I love old homes. I have been drawn to them for as long as I can remember. When I was perhaps eight years old, I fell in love with a towering, yellow Victorian mansion set high on a hill on Lyndale Avenue in Minneapolis, Minnesota. My childhood plan was to live there with my handsome husband and a dozen orphan children. I begged my mom to drive slowly by the house whenever there was the slightest excuse, so I could gawk and dream.
My passion was fueled by the now legendary TV program This Old House.
It was an innovative concept for its time…To document the entire journey of an old, dilapidated house slowly being rehabilitated and given new life. Let the television audience in on the entire process: from gutting the ramshackle structure to spreading the last coat of fresh paint. Let them see the discovery of mold under the shower base. The crumbling of a plaster wall. And—eventually—the sun shining through the sparkling new windows, onto the gleaming new kitchen countertop.
Everyone loves to see an ugly duckling turned graceful swan.

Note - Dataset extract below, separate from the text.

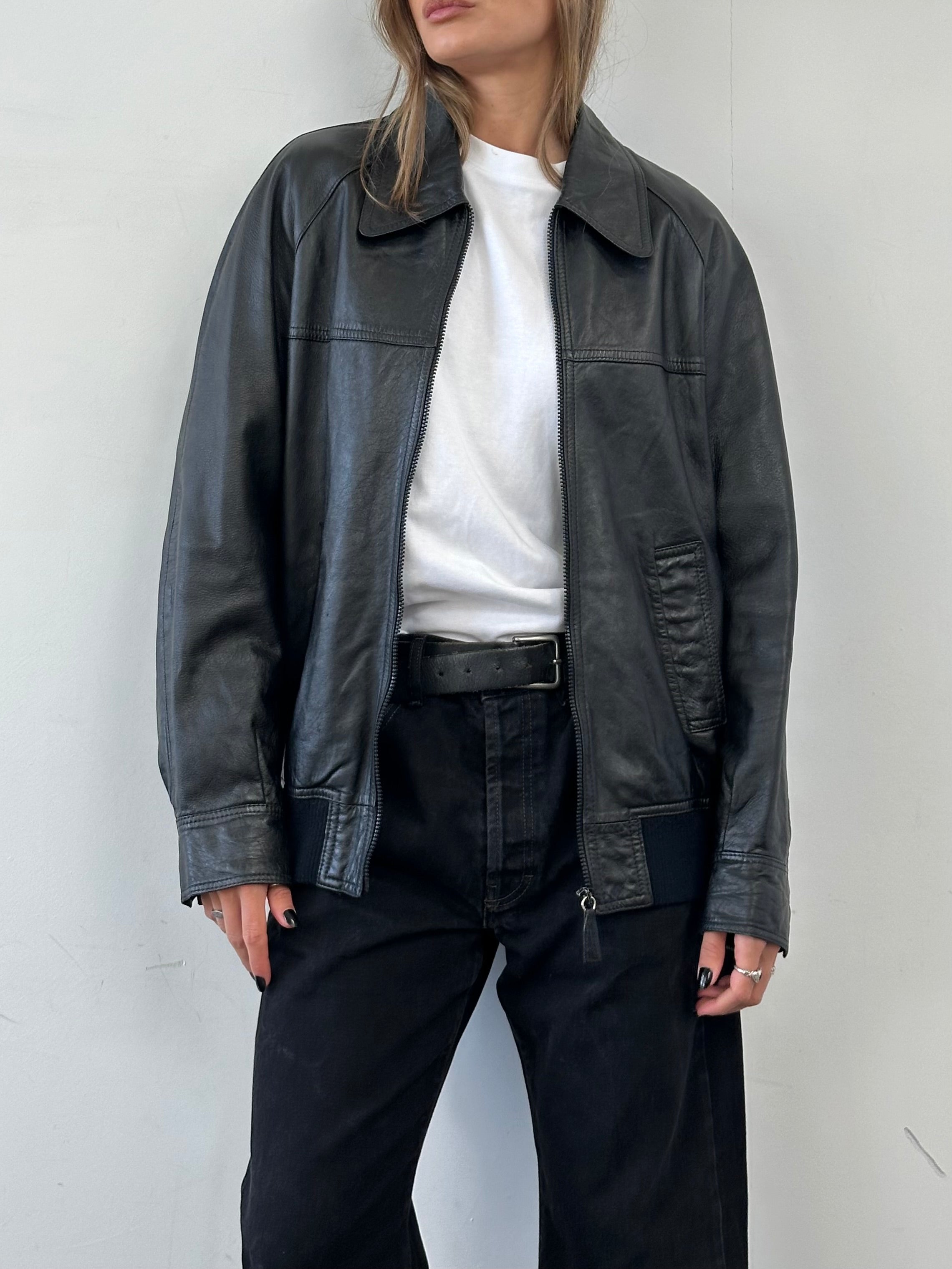 Vintage Dagger Collar Leather Bomber Jacket, size large, featuring a classic design with a vintage leather finish and stylish collar.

Public television producer Russell Morash knew well the highs and lows of classic home renovation. His father had been a carpenter. And while the other kids in the neighborhood were playing baseball, he was by his father’s side, reframing and shingling their family home.
As an adult, Morash carried on the tradition. He and his wife spent twenty years transforming their “termite-infested, rotting ruin of a farmhouse.” And in 1978 they still weren’t done when he made a ground-breaking pitch to the Boston public television station (WGBH).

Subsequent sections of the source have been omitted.